S: Nevertheless, Wiki claims that IRV is not monotonic (i.e. violates the mono-raise criterion).  Does Wiki have Woodall’s definition of a mono-raise random criterion (see below) in mind [Douglas R. Woodall Discrete Applied Mathematics 77 (1997) 81-98]?

In the light of the above discussion and the following definitions, I would very much appreciate it if anyone could explain why they might still want to criticize IRV for being nonmonotonic.  Is IRV fully democratic in the sense defined above?

Section 1.3 in Woodall’s article defines how a nonmotonic set of rules might ‘harm’ or ‘help’ candidate x:  ‘We shall say a candidate x is either helped or harmed by a change in the profile if the result, respectively, is to increase or decrease [the probability of electing x, i.e] PE(x). The following two properties are well known to hold for STV [which reduces to IRV in a single-winner raced].
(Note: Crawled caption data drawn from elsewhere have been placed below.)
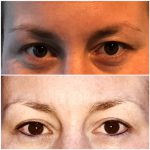 Permanente make-up eyeliner Uden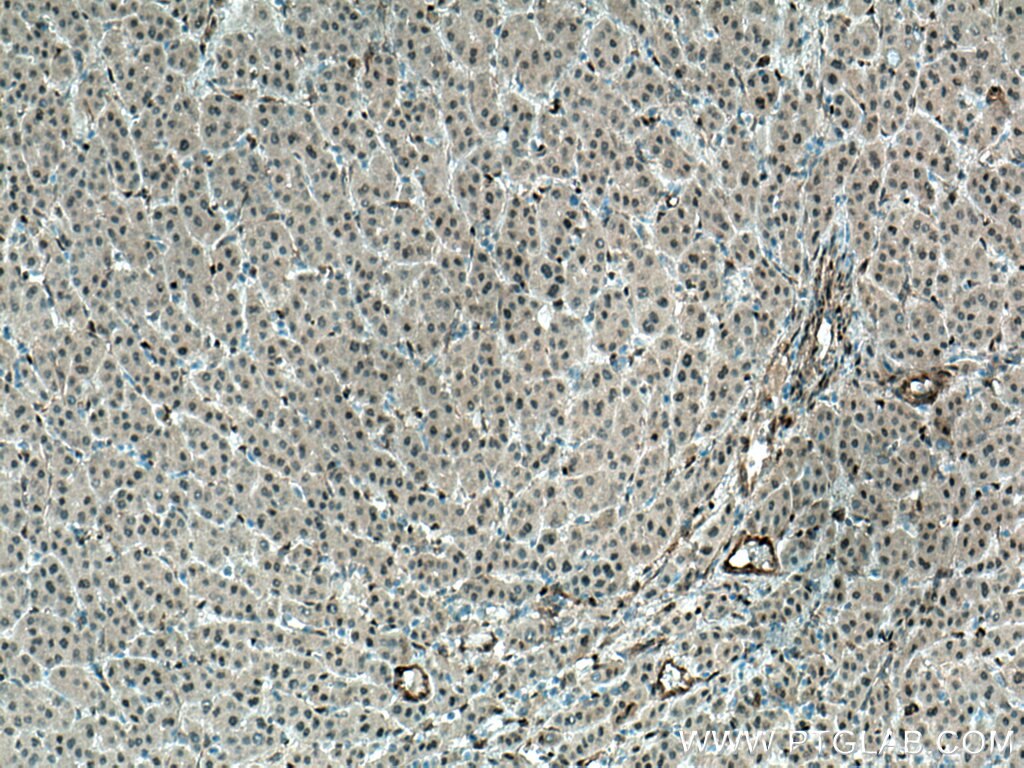 IHC staining of human liver cancer using 66900-1-Ig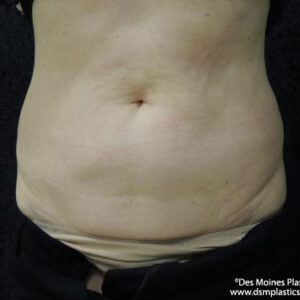 CoolSculpting before and after photos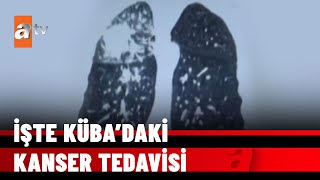 ÖZEL HABER –KÜBA ÖZEL DOSYASI  Kübadaki kanser tedavisinin tüm detayları  27 Aralık 2021 [upl. by Tychonn]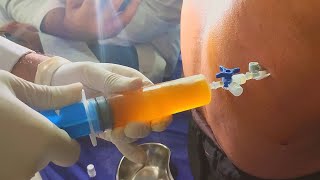 Thoracentesis procedure  Remove pleural effusion [upl. by Naahs135]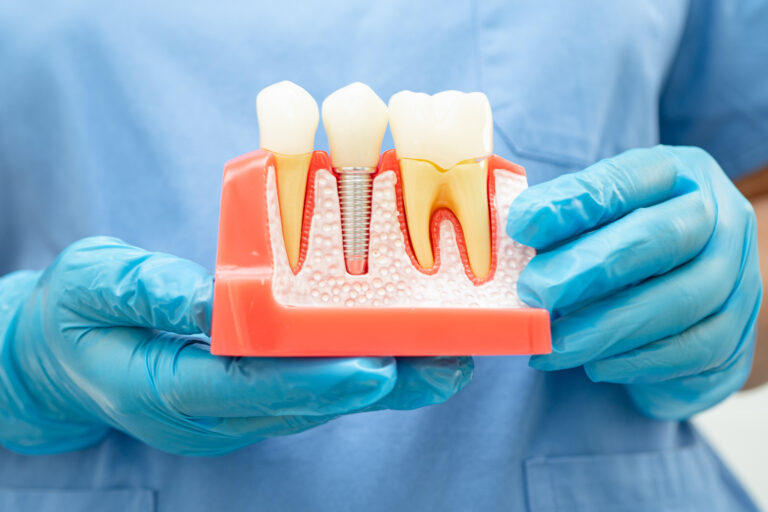 best root canal treatment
  • Later-no-help:  Adding a later preference to a ballot should not help any candidate already listed.

  • Latter-no-harm:  Adding a later preference to a ballot should not harm any candidate already listed.’

Next, Woodall goes on to define nine different ‘versions of monotonicity.  The basic theme is that a candidate x should not be harmed by a change in the profile that appears to give more support to candidate x.

Monotonicity:

1-(mono-raise) x is raised on some ballots without changing the orders of other candidates;

2-(mono-raise delete) x is raised on some ballots and all the candidates now below x on those ballots are deleted from them;

3-(mono-raise random) x is raised on some ballots and the positions now below x are filled (or left empty) in any way that results in a valid ballot;

4-(mono-append) x is added to the end of some ballots that did not previously contain x;

5-(mono-sub-plump) some ballots without x are replace by ballots with x placed top and with no second choice;

6-(mono-sub-top) some ballots that do not have x placed top are replaced with ballots that do place x top (and are otherwise arbitrary);

7-(mono-add-plump) further ballots are added that place x top and with no second choices;

8-(mono-sub-top) further ballots are added that place x top (and are otherwise arbitrary);

9-(mono-remove-bottom) some ballots are removed, all of which have x at bottom, below all other candidate.’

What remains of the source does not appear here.